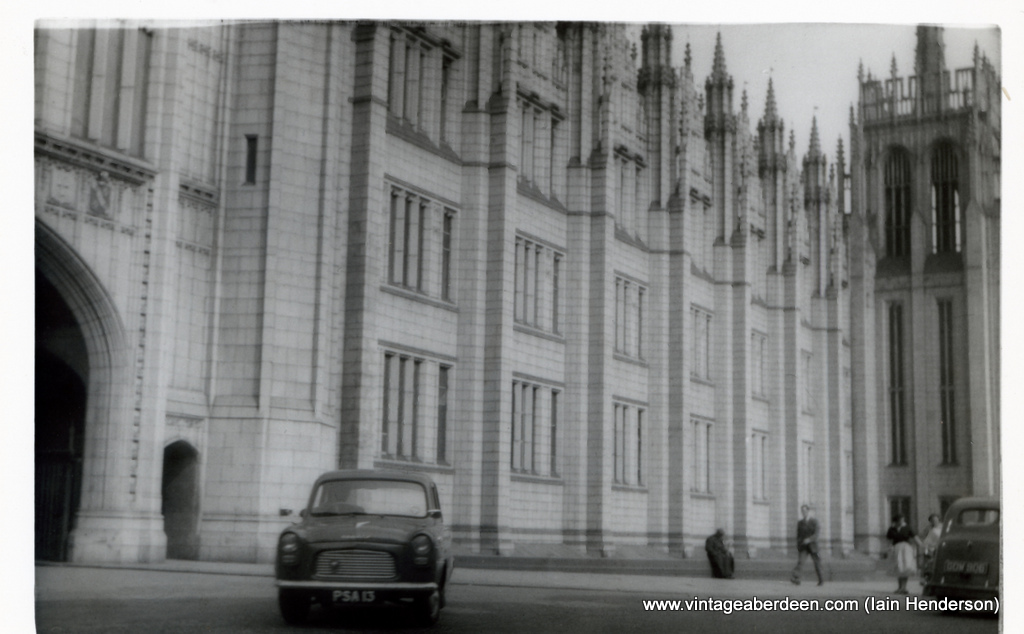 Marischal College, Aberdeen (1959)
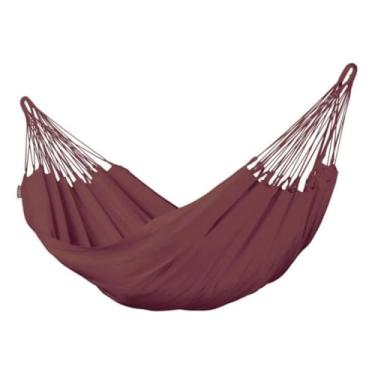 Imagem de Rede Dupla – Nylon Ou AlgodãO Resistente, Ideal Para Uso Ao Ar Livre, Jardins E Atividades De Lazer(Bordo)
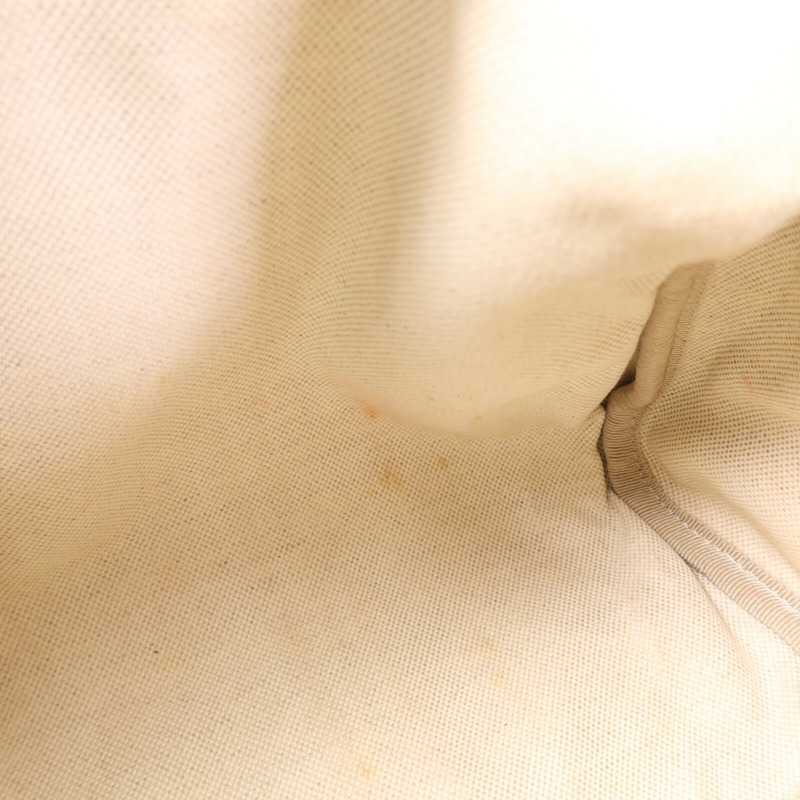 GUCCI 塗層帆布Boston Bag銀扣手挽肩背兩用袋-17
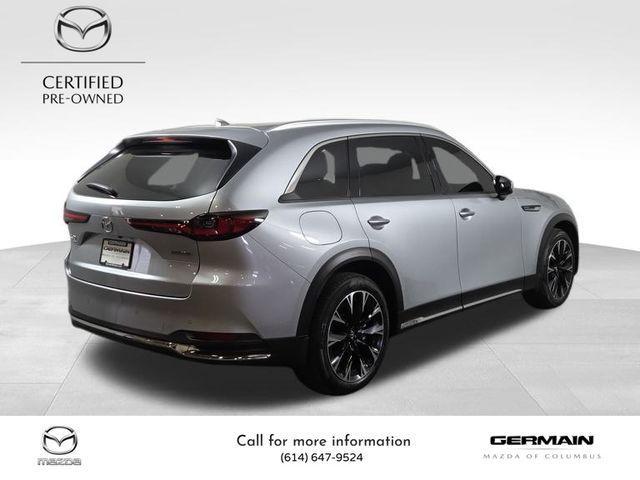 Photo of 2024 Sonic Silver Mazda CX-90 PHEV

# [What you will do]
Transcribe every line from the one containing "Imagem de Rede" to the end of the listing, exactly and exclusively. Do not carry any picture over.

# [Result]
 Imagem de Rede Dupla – Nylon Ou AlgodãO Resistente, Ideal Para Uso Ao Ar Livre, Jardins E Atividades De Lazer(Bordo)
 GUCCI 塗層帆布Boston Bag銀扣手挽肩背兩用袋-17
 Photo of 2024 Sonic Silver Mazda CX-90 PHEV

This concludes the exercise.